Il intervenait lors d’une rencontre intitulée « Partenariat pour la lutte contre l’aflatoxine en Afrique (PACA) ».

M. Faki Mahamat a déploré que « la sécurité sanitaire des aliments ne fasse pas encore la première actualité des médias africains » et ne « mobilise pas encore hélas l’opinion publique alors même qu’elle est d’une importance capitale pour la vie ».

« La mentalité dominante incline à  penser que cette préoccupation concerne surtout les pays riches, que c’est un luxe, qu’elle est le fait d’un certain snobisme, une autre forme de mimétisme », a-t-il signalé.

Selon lui, il ne demeure pas surprenant qu’en Afrique, l’accent soit davantage mis sur la production de la nourriture en quantité suffisante que sur sa qualité.

La sécurité sanitaire des aliments, a relevé l’homme politique tchadien, « embrasse pourtant chaque dimension de l’entreprise de développement engagée sur le continent ».

« Les défis qui s’y rapportent ont de graves répercussions sur l’état sanitaire de nos concitoyens et leur productivité, en même temps qu’ils font peser un énorme fardeau sur les services de santé publique », a avancé M. Faki Mahamat.

« Ils constituent une entrave au commerce intra-africain et menacent la compétitivité des produits agricoles des pays africains sur le marché mondial.
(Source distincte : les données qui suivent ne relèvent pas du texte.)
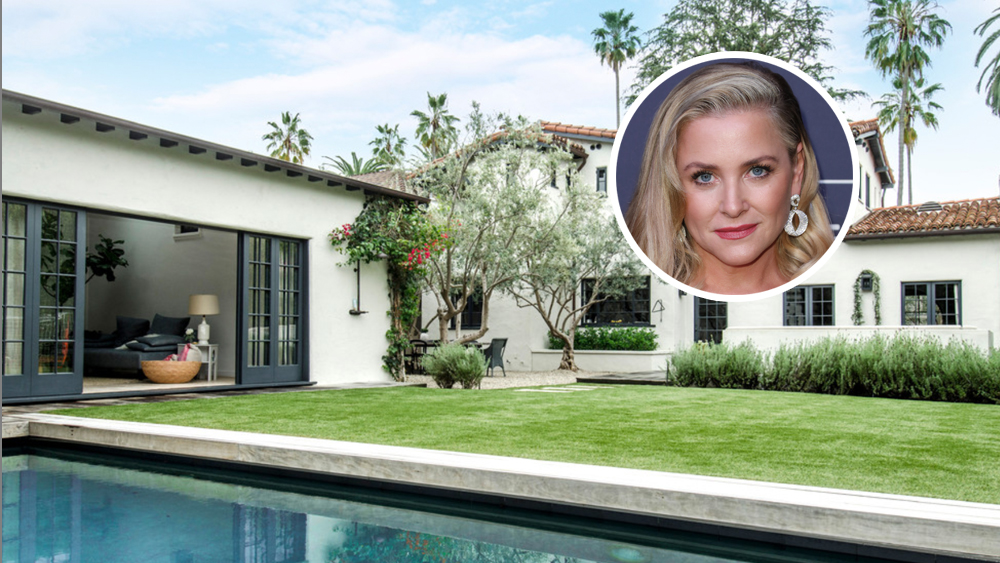 tagreuters.com2020binary_MT1VRTP0KF1OZ8-FILEDIMAGE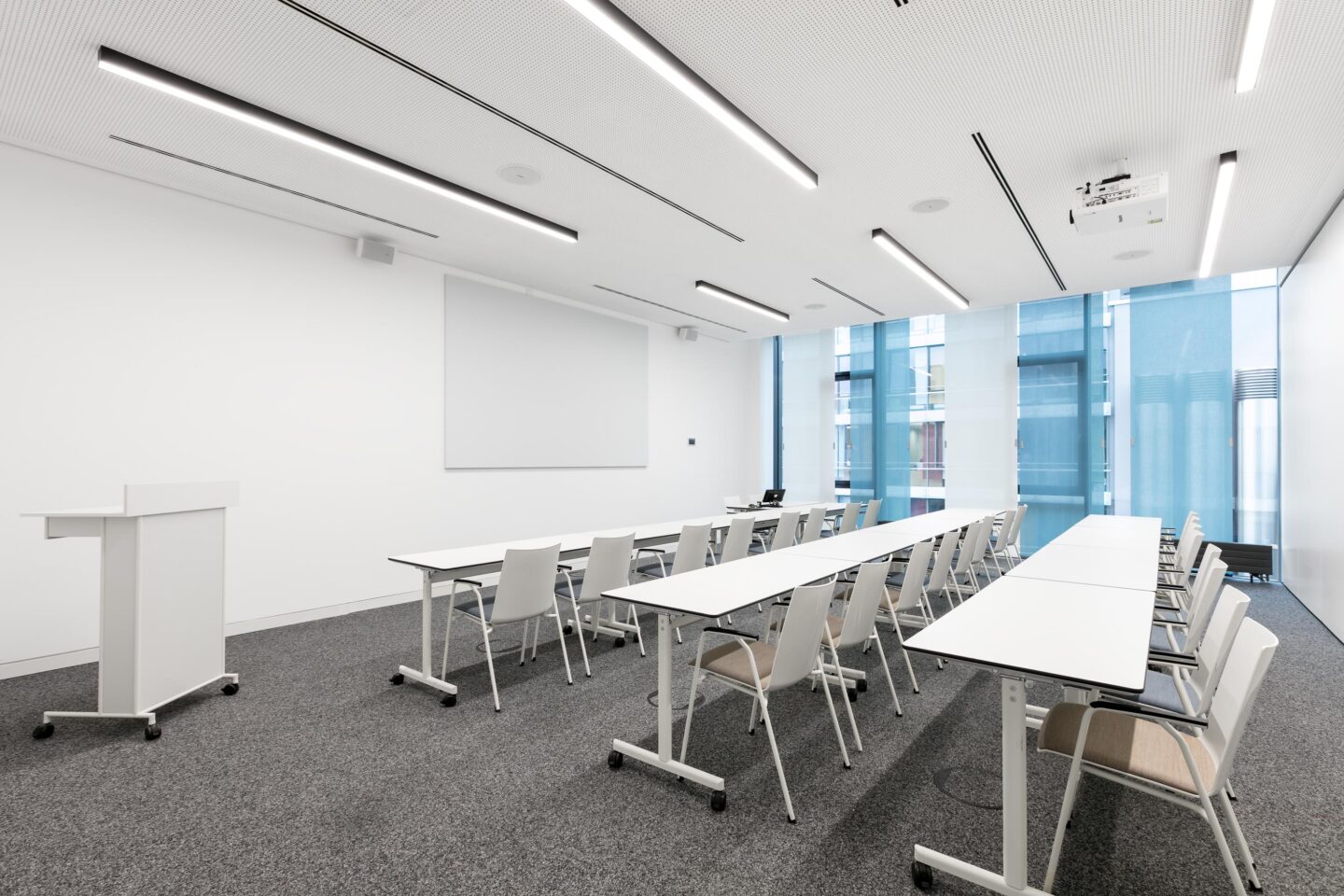 Sparkasse Karlsruhe, Building D │ open space │ classically seminar rooms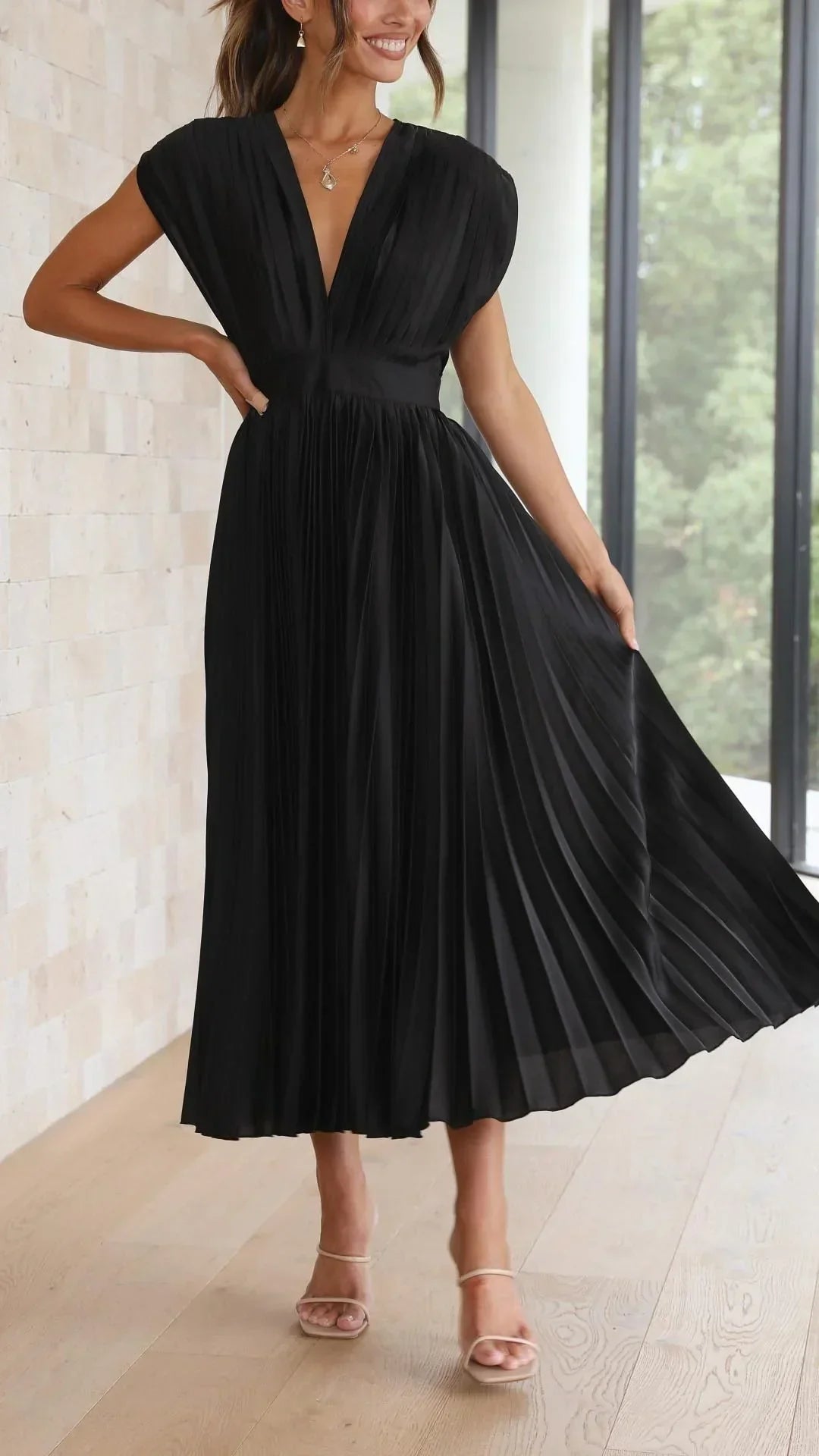 W&W Mode | Kleid mit V Ausschnitt und Rückenkrawatte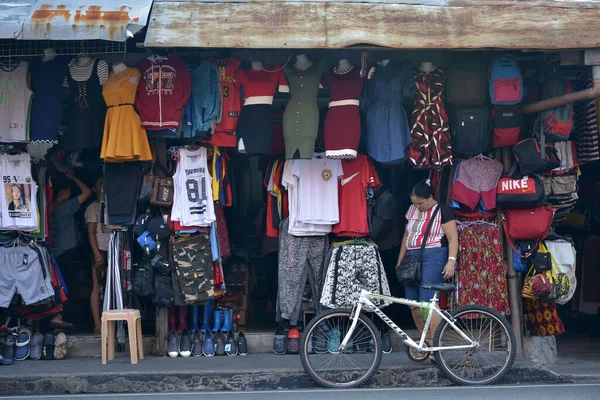 Mandaluyong Oct Fachada Tienda Ropa Local Octubre 2018 Mandaluyong Filipinas — Foto de Stock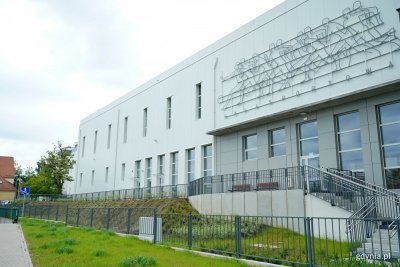 Hala sportowa przy ZSHG w Gdyni, ul. Morska 77, gdzie odbędzie się ogólnopolska inauguracja roku szkolnego 2025/26 (fot. Magdalena Czernek)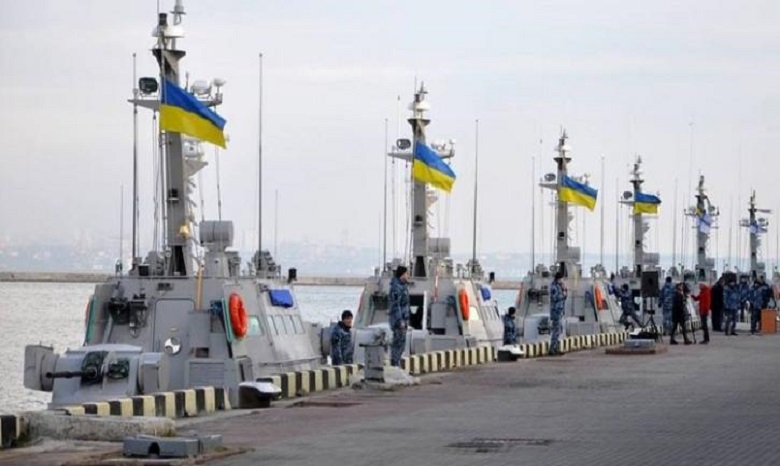 Украинские корабли не прекратят проходы через Керченский пролив, - Полторак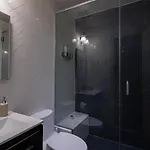 Refined & Stylish Manhattan Haven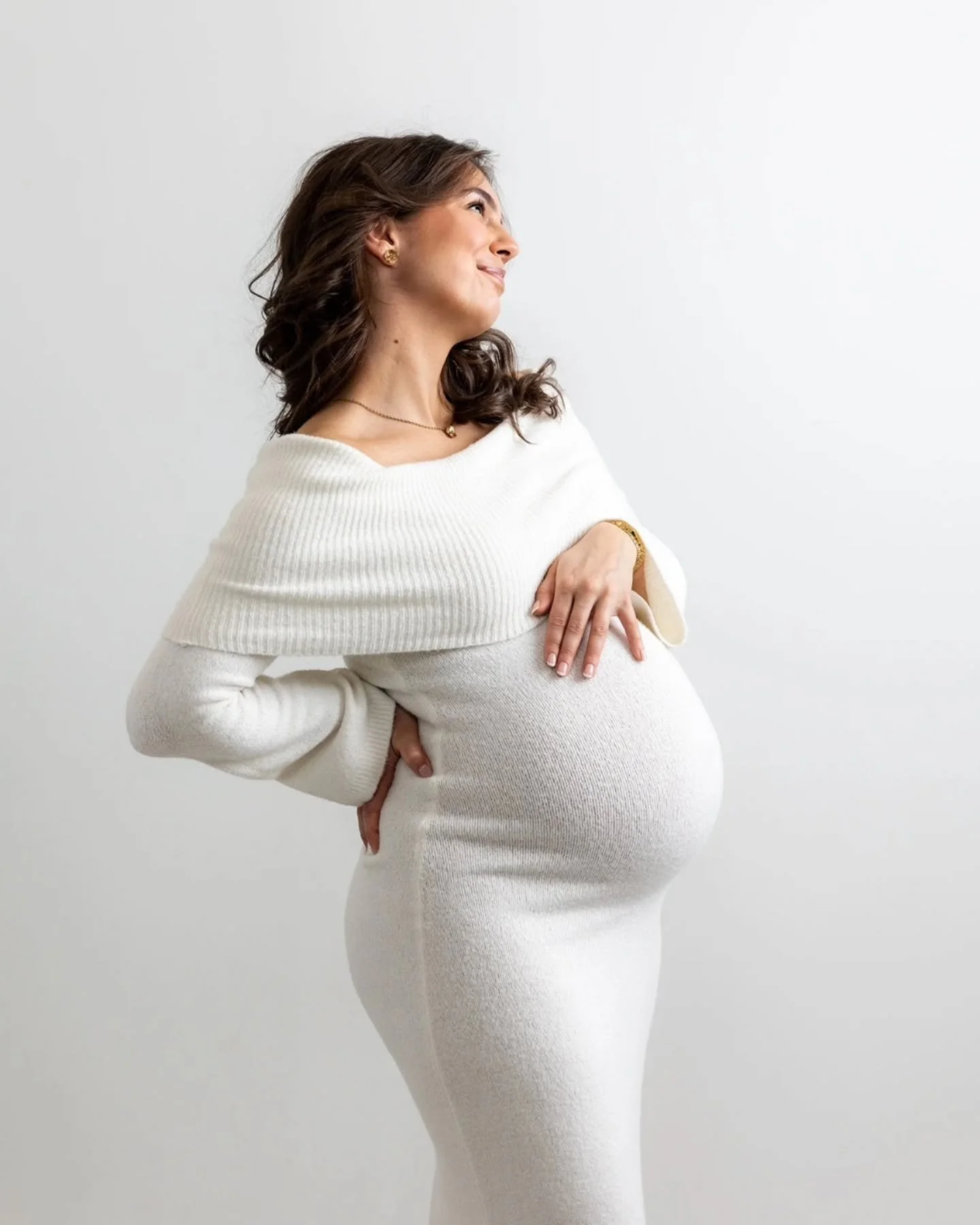 Ei voi kuin ihastella, kuinka uskomattoman upeita tulevia odottajia olen p&auml;&auml;ssyt kuvaamaan viimeaikoina 🥹🤍

En malta odottaa ett&auml; p&auml;&auml;sen kuvaamaan teid&auml;n pikkuisia 🫶 

Ihanaa viikonloppua! 

#valokuvausoulu #valokuvaa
Ils entraînent des pertes post-récoltes importantes, réduisant ainsi la disponibilité de la nourriture », a-t-il ajouté.

La sécurité sanitaire des aliments apparaît donc comme un élément essentiel de la stratégie visant à  matérialiser les aspirations de l’Afrique contenues dans l’agenda 2063, a souligné le président de la Commission de l’UA.

Sur les défis liés à  la sécurité sanitaire des aliments, il a indiqué que la Commission de l’Union africaine a procédé à  la hiérarchisation de ses interventions en axant ses efforts sur le contrôle de l’aflatoxine, une substance toxique et cancérigène produite par des champignons.

A l’en croire, ces toxines dangereuses affectent des produits à  consommation courante comme l’arachide, le maïs, le sorgho, etc. qui représentent des secteurs importants de l’économie des pays africains.

L’aflatoxine, a-t-il fait savoir, fait perdre au minimum 700 millions de dollars américains au continent africain, en recette d’exportation.